# is anyone trying bicycling?



## LetMeThinkAboutThat (Aug 24, 2013)

I'm biking about 25mi per day, avg. Its finally a workout that's not boring and not giving me joint problems. I can really feel my brain fog lifting. I'm really looking forward to biking a lot more this fall as the summer cools off. It really requires paying a lot of attention to traffic, potholes etc. There are a few opportunites for quick chit chat as well that I kind of like. it really seems like a good way to get out of the house with purpose.


----------



## DarrellLicht (Mar 9, 2013)

I did so out of necessity. I had no vehicle for a time and did all my commuting/errands on bicycle. It's a good addition to my exercise routine. But I have to say, I missed having a vehicle I can just throw my cargo inside and away from the weather and go.. and not risk being hit by careless drivers. Which did happen, and had other close calls. Still pissed off about that.


----------



## millenniumman75 (Feb 4, 2005)

I just blew an inner tube and had to trek 2.5 miles/4km home on Saturday!


----------



## rj2060 (Mar 21, 2010)

Wow, bikers! About three years ago I took up bicycling on a regular basis for exercise and to get out and to 'wave' at people. I just did 21 miles today. When I first started riding I wouldn't go by myself and it would feel like something uncomfortable would happen on every ride. After every single ride I'd be ruminating about something that happened. It was an extremely stressful activity for me at times. Now I feel very little anxiety. The rides are usually uneventful, and when I make a mistake it doesn't feel like a catastrophe. I started out wearing shorts and no helmet and slowly started buying bicycling gear. Helmet, bike cap, gloves, bike shoes and clips. Watching my cadence, speed and heart rate. This summer I started wearing spandex bike shorts. I could not have imagined wearing those in a million years. I don't know if riding has helped my SA in general but it almost feels like night and day when I compare how I felt for the first year and half when I rode and how I feel now. Bicycling has become my favorite activity. I have extreme SAD so anything I can do outside comfortably and be around people, even if I'm usually not interacting with them much, is very helpful for me.


----------



## adidasman (Feb 27, 2015)

LetMeThinkAboutThat said:


> I'm biking about 25mi per day, avg. Its finally a workout that's not boring and not giving me joint problems. I can really feel my brain fog lifting. I'm really looking forward to biking a lot more this fall as the summer cools off. It really requires paying a lot of attention to traffic, potholes etc. There are a few opportunites for quick chit chat as well that I kind of like. it really seems like a good way to get out of the house with purpose.

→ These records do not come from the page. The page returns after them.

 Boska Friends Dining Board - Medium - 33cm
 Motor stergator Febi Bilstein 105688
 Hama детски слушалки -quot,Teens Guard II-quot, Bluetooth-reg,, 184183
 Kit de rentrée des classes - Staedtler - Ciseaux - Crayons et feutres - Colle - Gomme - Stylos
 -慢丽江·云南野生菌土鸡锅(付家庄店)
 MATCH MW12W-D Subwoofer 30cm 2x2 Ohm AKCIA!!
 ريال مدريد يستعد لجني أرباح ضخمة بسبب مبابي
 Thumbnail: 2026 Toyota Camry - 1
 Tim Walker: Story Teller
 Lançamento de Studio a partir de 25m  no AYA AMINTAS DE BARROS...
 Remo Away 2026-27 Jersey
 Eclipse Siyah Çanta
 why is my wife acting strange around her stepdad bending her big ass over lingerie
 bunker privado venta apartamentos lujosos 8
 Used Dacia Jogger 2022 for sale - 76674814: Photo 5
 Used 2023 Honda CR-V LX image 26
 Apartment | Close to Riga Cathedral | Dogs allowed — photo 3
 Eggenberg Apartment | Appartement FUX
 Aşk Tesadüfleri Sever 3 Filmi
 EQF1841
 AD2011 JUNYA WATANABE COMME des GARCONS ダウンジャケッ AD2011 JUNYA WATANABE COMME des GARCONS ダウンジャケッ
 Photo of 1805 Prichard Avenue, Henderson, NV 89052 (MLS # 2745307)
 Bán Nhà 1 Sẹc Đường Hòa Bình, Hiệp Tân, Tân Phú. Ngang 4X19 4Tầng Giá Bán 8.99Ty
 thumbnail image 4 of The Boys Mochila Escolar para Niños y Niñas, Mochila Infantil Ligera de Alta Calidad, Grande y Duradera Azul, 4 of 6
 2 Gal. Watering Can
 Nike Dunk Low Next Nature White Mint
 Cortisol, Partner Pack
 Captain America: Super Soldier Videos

I started doing this with my partner recently and it's good fun, and eases anxiety slightly too. Together with running this is great medication. Have you tried glucosamine for joints and your running?


----------



## LetMeThinkAboutThat (Aug 24, 2013)

adidasman said:


> I started doing this with my partner recently and it's good fun, and eases anxiety slightly too. Together with running this is great medication. Have you tried glucosamine for joints and your running?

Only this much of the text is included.